L’obiettivo è che la Grecia, entro il 2020, torni ad avere un rapporto tra debito pubblico e Pil poco superiore al 120%. Contemporaneamente è stato concluso un accordo con i creditori privati, i quali rinunceranno al 53,5% del valore nominale dei loro titoli, permettendo così una riduzione del debito di circa 100 miliardi, i quali saranno scambiati con una cedola che avrà un rendimento del 3% sino al 2014, del 3,75% fino al 2020 e del 4,3% dopo il 2020. Lo swap sarà tuttavia volontario, anche se l’eurogruppo spera in un’adesione attorno al 90%. Saranno poi tagliati gli interessi sul precedente piano di aiuti.

L’accordo prevede anche la rinuncia da parte della Bce dei profitti sui titoli del debito greco acquistati negli ultimi due anni, i quali saranno redistribuiti alle banche centrali nazionali che a loro volta li gireranno ai rispettivi governi affinché possano abbassare gli interessi del primo prestito concesso ad Atene. Questo complesso meccanismo permette alla Bce di evitare le normative che le vietano aiuti diretti agli Stati.

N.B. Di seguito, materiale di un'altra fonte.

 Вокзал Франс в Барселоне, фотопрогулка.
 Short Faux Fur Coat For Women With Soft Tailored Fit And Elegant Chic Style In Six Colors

In cambio Atene dovrà accettare la presenza permanente della troika, che dovrà monitorare costantemente l’applicazione del piano e l’inserimento nella Costituzione di una norma sulla priorità dei pagamenti del debito. Sarà poi creato un conto bloccato, anch’esso controllato dalla troika, dove confluiranno gli interessi dei titoli greci, per avere la certezza che Atene non sia insolvente sulle future emissioni.

L’accordo pare dunque equilibrato. Da una parte esso ha il pregio di ridare speranza a un paese che era ormai prossimo al collasso, e dall’altra di rassicurare quei governi che erano più restii a concedere ulteriori aiuti. La Grecia dovrà comunque accettare una sostanziale limitazione della propria sovranità in ambito economico e finanziario. La presenza permanente della troika e la sua gestione esclusiva del fondo destinato a ripagare i creditori  avranno certamente un effetto negativo sulla popolazione greca.

Le prossime elezioni, da questo punto di vista, saranno un banco di prova importante per comprendere meglio gli effetti sul piano politico delle misure concordate dall’eurogruppo. Accanto ai provvedimenti più duri, serve ora cominciare a pensare anche a misure di crescita, senza le quali né la Grecia né l’Europa potranno uscire definitivamente dalla crisi. In questo senso appare un segnale importante la lettera in cui 12 governi europei (non quelli tedesco e francese però) indicano otto punti per rilanciare lo sviluppo da discutere al prossimo eurogruppo previsto per l’inizio di marzo.